Tacoma Public Utilities ( TPU ) are urging their customers to buy into their Community Solar program and to help support their efforts in ex­panding solar energy throughout the South Sound.

TPU built four 75-kilowatt proj­ects on the roof of their power ware­house—located at 3628 South 35th St.—that will be funded through community members purchasing individual solar units, which cost $100 per unit. Community Solar will begin its trial this spring and will last until July of 2020.

On average, a complete solar panel system installation costs $15-30,000 for home or business owners, which turns many away from the alternative form of energy. TPU hopes to eliminate that issue by im­plementing a reward system for their participating members.

State incentives are being offered to the various community members who chose to participate. The current Washington State incentive is $1.08 per kilowatt hour of production. Ac­cording to TPU’s website, “We esti­mate that each $100 solar unit you purchase may qualify for approxi­mately up to $161 in incentives and the value of the solar energy pro­duced through the end of the pro­gram.” Individual persons or busi­nesses are limited to purchasing 20 solar units.

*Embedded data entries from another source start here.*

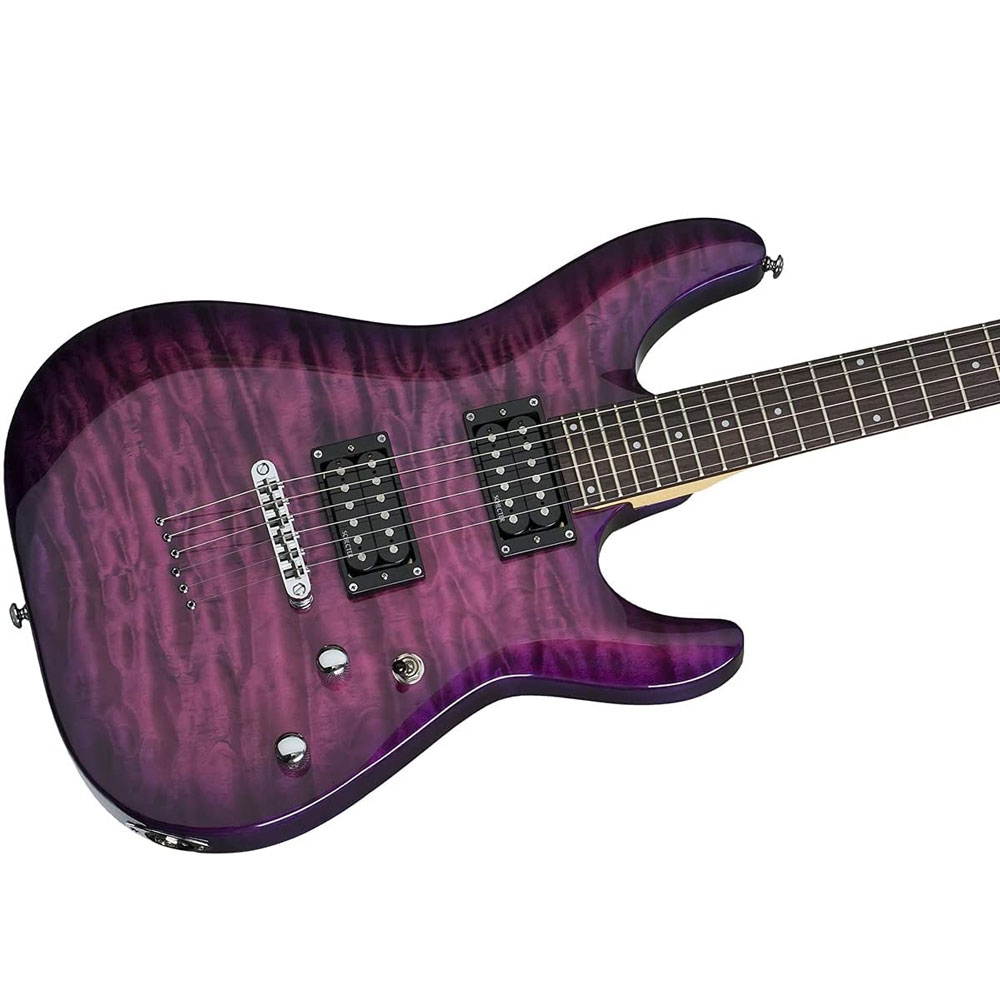 Schecter C-6 Plus Solid-Body Electric Guitar, EM Bundle with Ultimate Support Pro Guitar Stand, Black Strap, and Classic Pick (10-Pack)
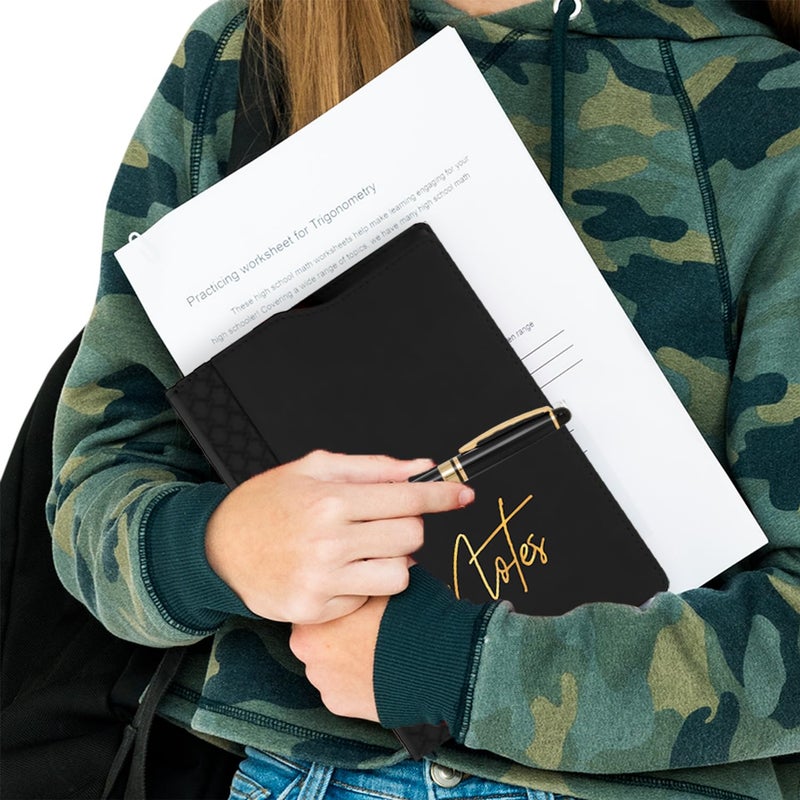 Canopy Street Black Notes Padfolio And Pen Set/Two Piece Journal Writing Stationery Set/Faux Leather Folio Notebook With Black And Gold Pen - Image 4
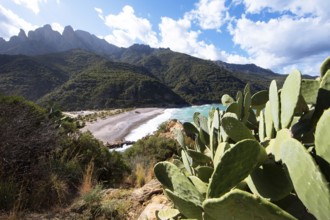 View of the pebble beach and Porto Bay, a UNESCO World Heritage Site, Ota, west coast of Corsica,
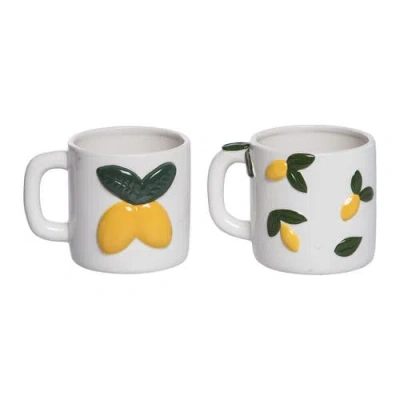 Transpac Ceramic Lemon Mug Set Of 2 Multicolored For Spring Serving And Entertaining In White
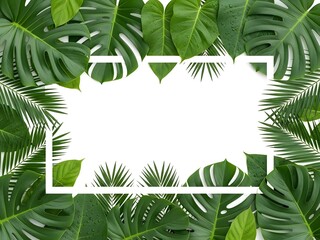 Tropical Green Leaves Frame with White Copy Space for Summer Nature Background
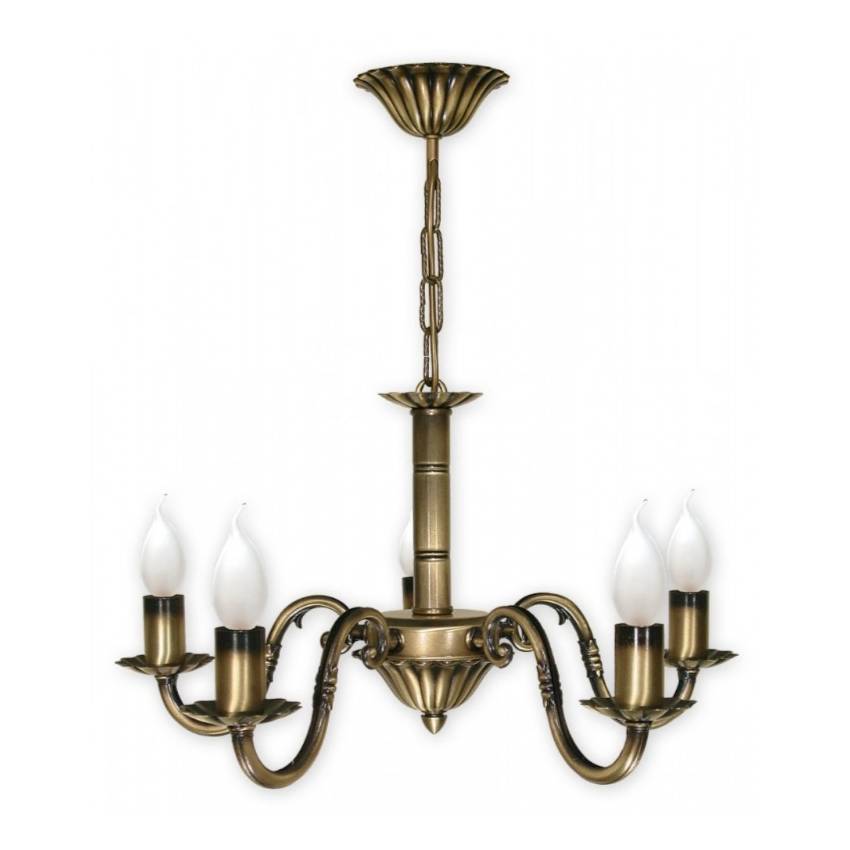 Klasyczny żyrandol Prima 5 patyna - gięte ramiona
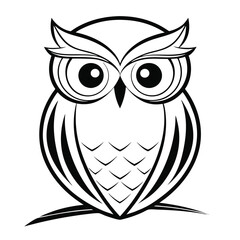 Stylized Black Owl Silhouette Design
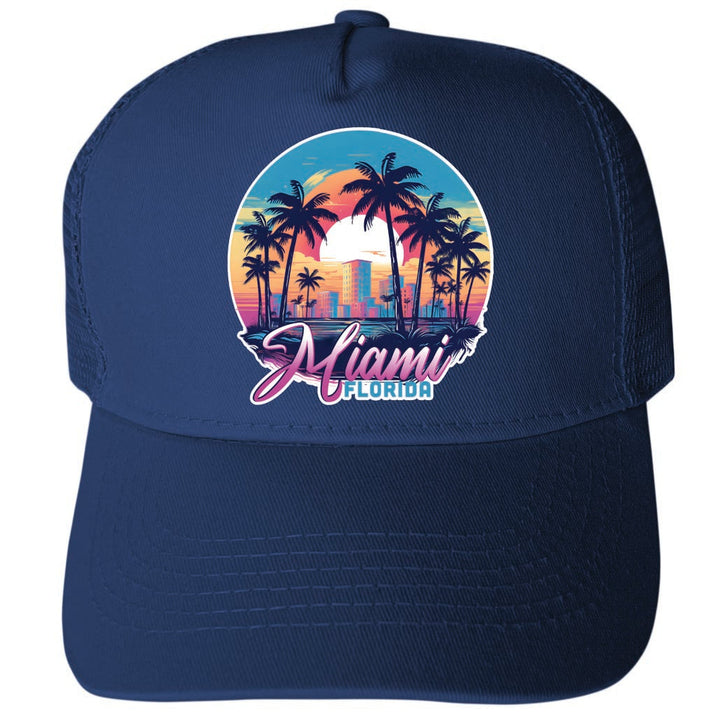 Miami Florida Design B Unisex Mesh Back Trucker Hat with Adjustable Snapback Image 1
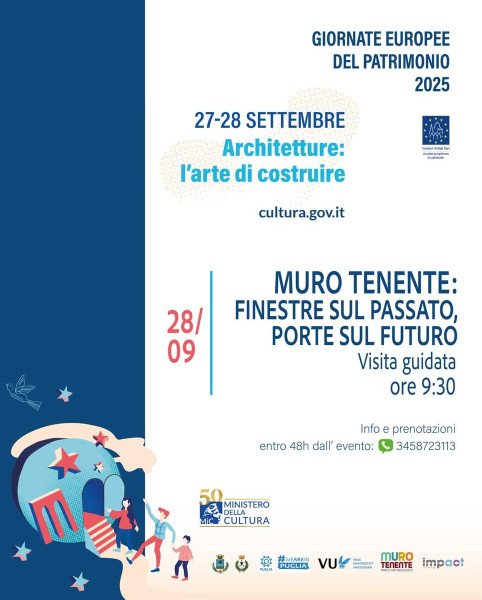 Giornate Europee del Patrimonio al Parco Archeologico di Muro Tenente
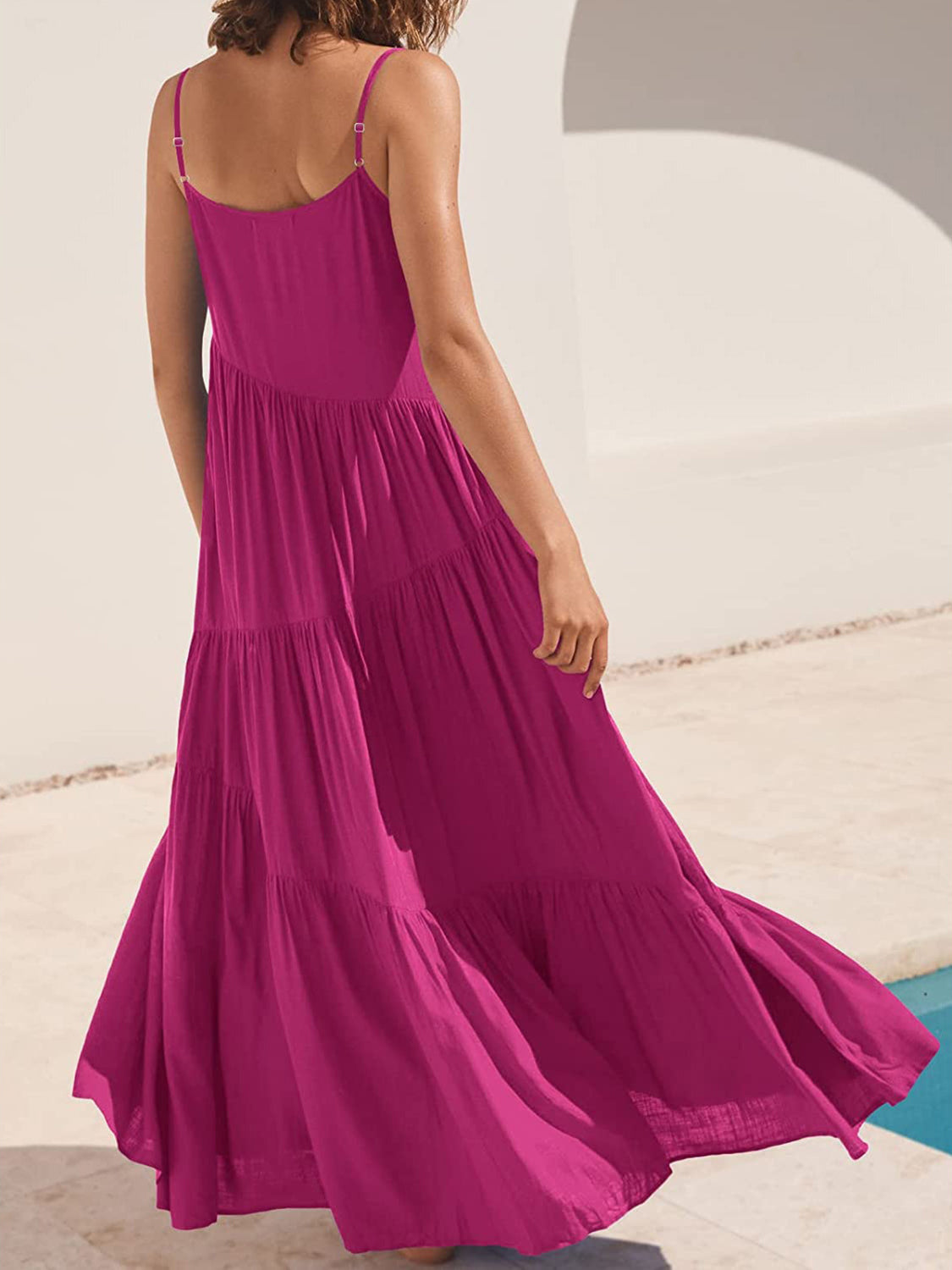 Full Size Ruched Tiered Spaghetti Strap Dress – product image 19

According to Environment Wash­ington’s website, “By 2025, solar en­ergy in Washington would annually prevent more than 2.4 million metric tons of carbon dioxide pollution. This would be equivalent to eliminating the emissions from 460,000 passenger cars on the road today.”

Jobs in the solar panel industry have decreased to 2,262 since 2014, when there were about 2,500 Wash­ington jobs.

“By developing about 22% of its full technical potential for rooftop solar power over the next 12 years, Washington can get at least 3% of its annual electricity needs from the sun through rooftop solar PV systems alone,” says a report by Environment Washington. “That is enough elec­tricity to power 246,000 typical Washington homes—or more than all the homes in Spokane, Tacoma, and Vancouver combined.”

Cecile Gomez, who works at En­vironmental Washington, writes in a news release, “The U.S. solar industry currently employs 208,859 workers, a figure which represents 20.2% growth in employment over 2014. For the third consecutive year, em­ployment in the solar industry in­creased 20% or more.”

According to a report by the In­stitute of Energy Research, “Though solar technologies are improving, meeting current U.S. electricity needs with today’s photovoltaic technology would require about 10,000 square miles of solar panels—an area the size of New Hampshire and Rhode Island combined.”

If Community Solar is successful, the result could mean more environ­mentally friendly jobs in Washington and Tacoma.

Payments on the solar panels will be a one-time fee; TPU is not offering payment plans. They are not allowing Tacomans to put the cost of the pan­els on their bill.

TPU will give participants a cer­tificate of participation and an option to be included on a Community So­lar website for those who become a part of the program. Incentive checks will also be disbursed every August of the next four years (2016-2020).